Tuesday, January 21, 2014

For RNC Members, A Rules Contradiction That Would Affect Them in 2016

The Republican National Committee is on the eve today of another annual winter confab. This meeting will likely see the Rules Committee take up and consider -- if not vote on and send to the full RNC -- a series of tweaks to the 2016 delegate selection rules that came out of the party's Tampa convention in August 2012. This will not be the first time the Rules Committee and then the full RNC has revised those rules.1 However, this time around, the changes are likely to be more substantial both in terms of quality and quantity. That is a function of the alterations coming out of a special rules subcommittee that was tasked last August -- at the summer meeting -- with reexamining the process by which the Republican Party nominates its presidential candidates; the delegate selection portion anyway.

One seemingly minor change that is likely to be included in the full series of proposed rules changes concerns the convention voting rights of the automatic delegates. Recall that the automatic delegates are the three members of the RNC from each state: the state party chair, the national committeeman and national committeewoman. In most but not all cases, these delegates are free to select any candidate of their choosing. They are an unbound part of the state delegation to the national convention.

That said, there has been some discussion as to how these automatic delegates should be treated at the convention should the state they represent violate the delegate selection rules on timing. In 2012, the rules the Republican Party utilized removed the voting privileges of the RNC members/automatic delegates from states in violation of those rules (Rule 16.e.1). On its surface, then, the penalty was supposed to strike at a group of people -- those RNC members involved in state party politics -- in a position within the national party to presumably deter state-level moves that would bring a state into violation of the rules. This obviously is something that is easier said in rule-making than done in practice. Regardless, the stick was put in place.

The effectiveness of such a penalty is not entirely clear, but it can be quite difficult for a state party chair or national committeeman/committeewoman to prevent a state legislature and governor -- potentially of a different party -- from acting in a manner consistent with the Republican National Committee delegate selection rules. Still, that language persists in the rules that will govern the 2016 Republican presidential nomination process.

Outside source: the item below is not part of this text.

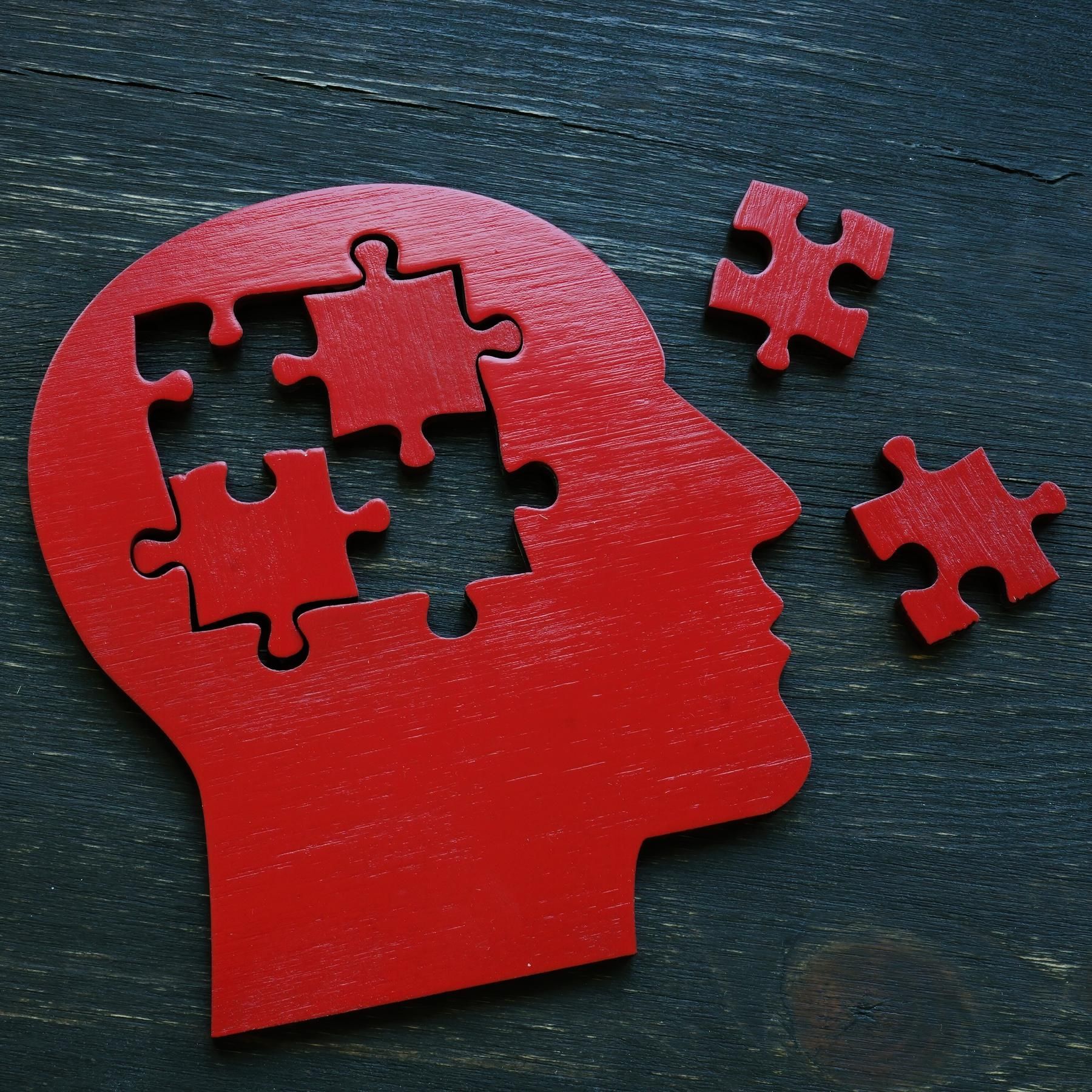 Spektakuläre Gehirnsimulation - Ist das Human Brain Project gescheitert?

Rule 17.f.1 (the same exact language as Rule 16.e.1 in 2012):
(f) If a state or state Republican Party is determined to be in violation:
(1) No member of the Republican National Committee from the offending state shall be permitted to serve as a delegate or alternate delegate to the national convention.

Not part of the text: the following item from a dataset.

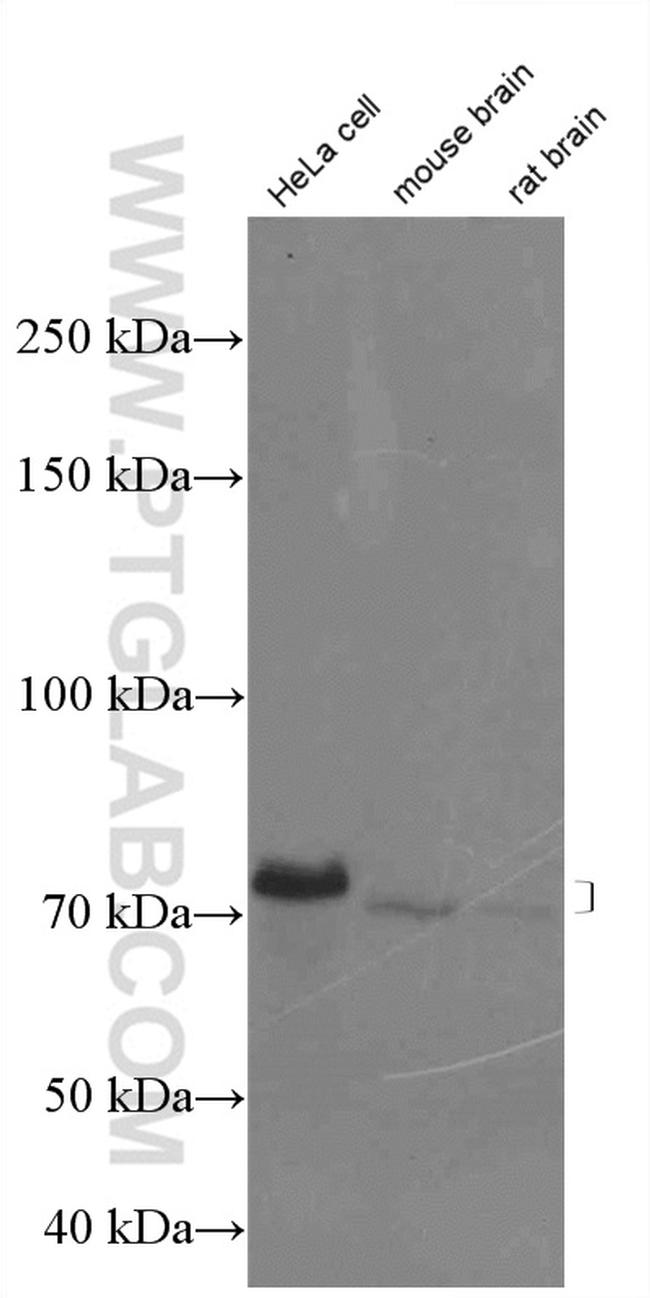 FUS/TLS Antibody in Western Blot (WB)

Yet, that seems to be undermined by the language describing the new super penalty earlier in Rule 17. Here's the relevant portion of Rule 17.

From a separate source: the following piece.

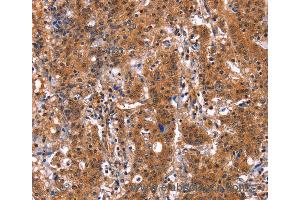 Immunohistochemistry of Human gastric cancer using GUK1 Polyclonal Antibody at dilution of 1:50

Rule 17.a (emphasis FHQ's):
If any state or state Republican Party violates Rule No. 16(c)(1) of The Rules of the Republican Party with regard to a primary, caucus, convention or other process to elect, select, allocate, or bind delegates and alternate delegates to the national convention by conducting its process prior to the last Tuesday in February, the number of delegates to the national convention shall be reduced to nine (9) plus the members of the Republican National Committee from that state...

Now, regular readers will be acquainted with what may be perceived as an annoying practice: FHQ's insistence on saying that the super penalty reduces a state delegation to nine delegates plus the three automatic delegates should a state violate the nomination rules. That is a function of the above language. Yet, that language in Rule 17.a is contradicted by the two-part rule fully described in Rule 17.f.1-2.

The RNC members -- the three automatic delegates from each state -- have convention voting rights in one section of the rule but not the other. The RNC is aware of this issue, but it remains to be seen what the ultimate remedy will be. The penalty stripping RNC members from violating states of their convention votes is one that has passed muster with the group in the past, but given the out -- and given the reality that RNC members may have very little sway in how the timing of their state's primary, for instance, is decided -- the RNC may also opt to retain the voting privileges of their membership at the expense of other delegates from the a violating state's delegation.

Again, it is not clear what proposed changes the RNC rules subcommittee will bring to the Rules Committee on this issue and a number of others, but details will emerge as the RNC convenes tomorrow.

1 There was a cosmetic change to Rule 16.a.2 at the 2013 spring meeting that clarified the procedure for dealing with potential rogue delegates and their votes at the national convention.